First off – what is a SDR? SDR stands for software defined radio. It means you can plug in one of these USB-based devices into your computer, and instantly be able to pull radio signals out of the air. Previously, like from whenever radio became a thing, until recently, radios were analog devices made up of resistors, transistors, and other things like that. They were bought tuned to a specific frequency and further, only listening to a certain type of signal on that specific frequency.

Software defined radio (SDR) changes all of that. It can be tuned to a wide range of frequencies and just passes along the data it gets to whatever program you use to decode the signals. Luckily for us, there are many open-source programs written by very smart people that already decode these signals!

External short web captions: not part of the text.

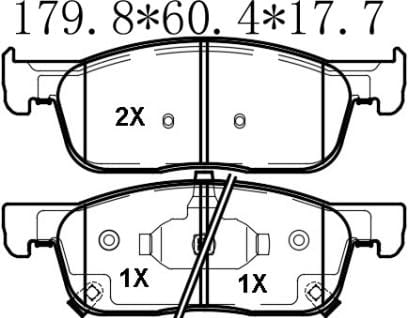 TEMB SCP2039 Brake Pad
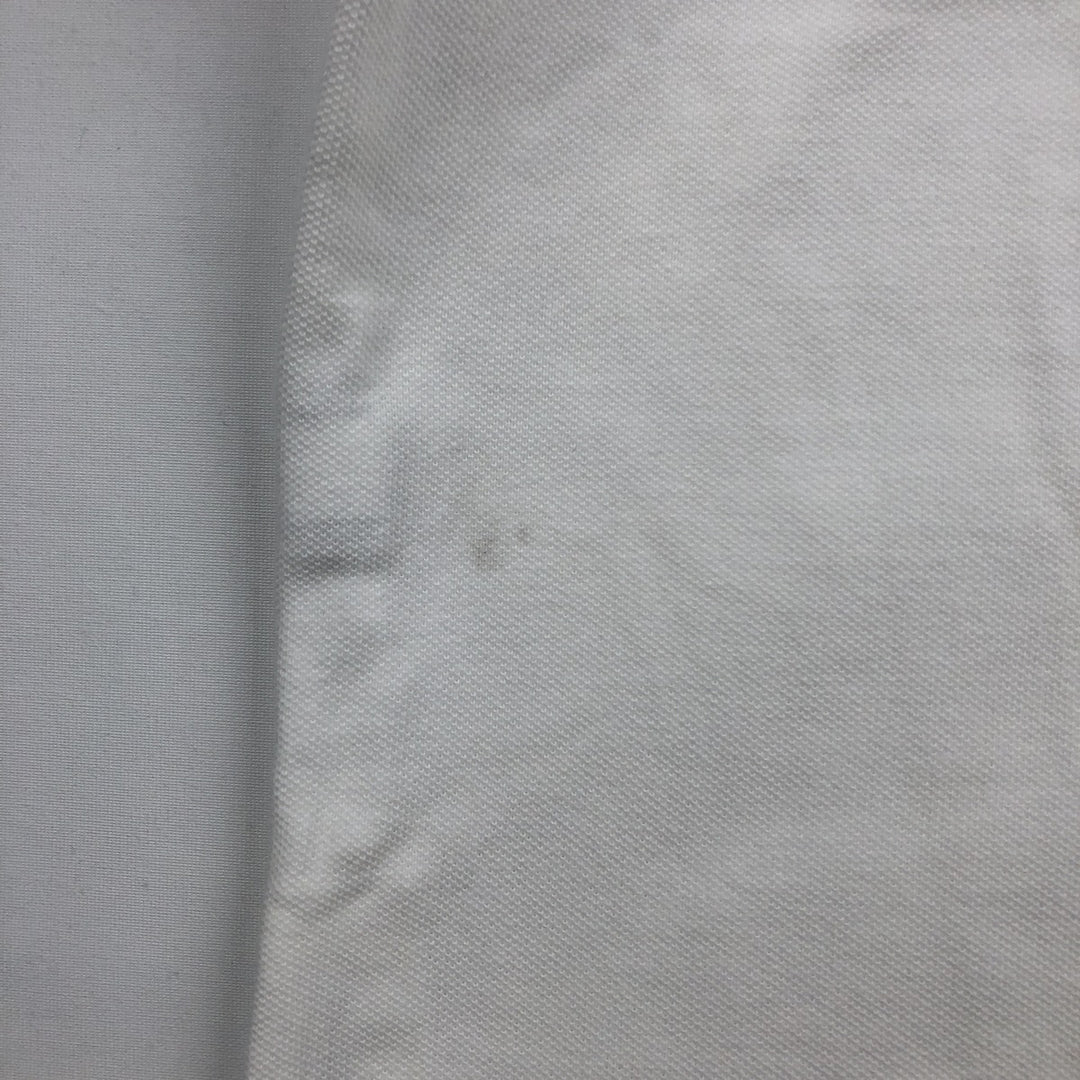 Ralph Lauren POLO by Ralph Lauren CUSTOM FIT short sleeve polo shirt, men's XL size cotton white type Vintage Second Hand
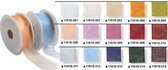 Ribbon Four Seasons met draad 40mm 25m zalm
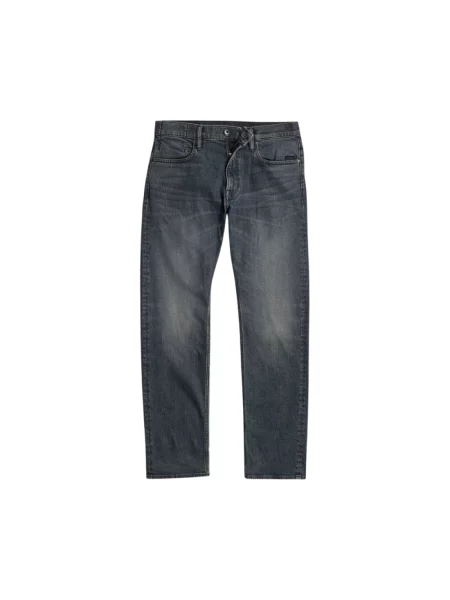G-Star Raw Jeansy Mosa Szary Straight Fit niebieskie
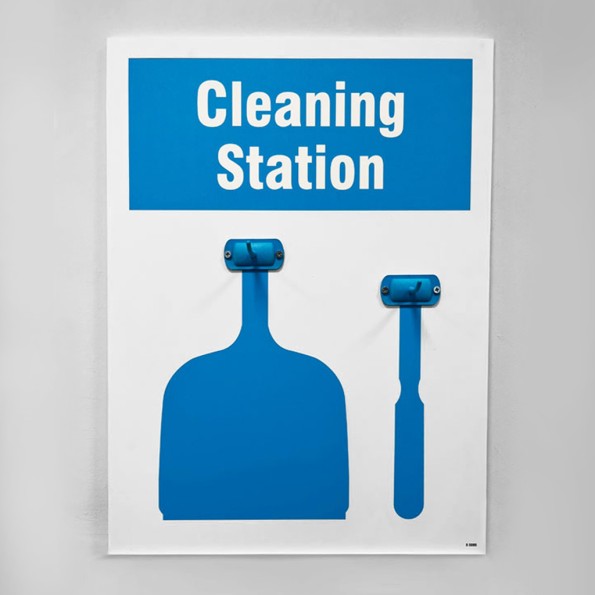 Cleaning Station Shadow Board (2 piece)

This is the broad post for SDRs. I’ll write more posts for what I’m doing with the specifics. You may also see them called RTL-SDRs. RTL is the shortened name of the chipset (RealTek). There are other, more expensive SDRs not based on RealTek chipsets that can work better in some situations. For me, the $15-25 RTL SDRs do great. RTL-SDRs were originally intended to receive over-the-air TV signals. I’m sure they do fine with that but I’ve never tried to utilize them for their intended use.

Here are some of the things I’m doing with SDRs:

  1. ADS-B aircraft signal reception. As of the beginning of 2020, all civilian aircraft within US airspace must constantly broadcast their position. With a decently positioned antenna, these signals can be received up to 250 miles away from the aircraft! Link to part one of ADS-B reception.
  2. AMR – automated meter reading. Where I live, the electric and gas utility has meters installed at my house that broadcast their usage at least once a minute. I can receive these signals from my (and my neighbors!) meters and plot them to determine electricity/natural gas usage.
  3. Temperature sensor reading. You know those basic temperature sensor kits that most dads have sitting near the kitchen sink? The ones with a screen showing temperature/humidity inside and outside? Those are very easily decoded. I have one hanging outside and a few others around the house. They can also be placed in the freezer for advanced warning if a freezer goes out!

Some other thing I’m not currently doing but have thought about:

  1. Satellite reception for weather satellites (US GOES, Russian Meteor M2, and others). They transmit when overhead for the non-geosynchronous satellites and all the time for the geosynchronous satellites. The antenna required is quite a bit bigger than the around-the-house SDR stuff but still perfectly reasonable.
  2. General amateur radio reception
  3. Police radio scanning
  4. Aviation frequency reception

This post will be much better with pictures! I’ll add them soon.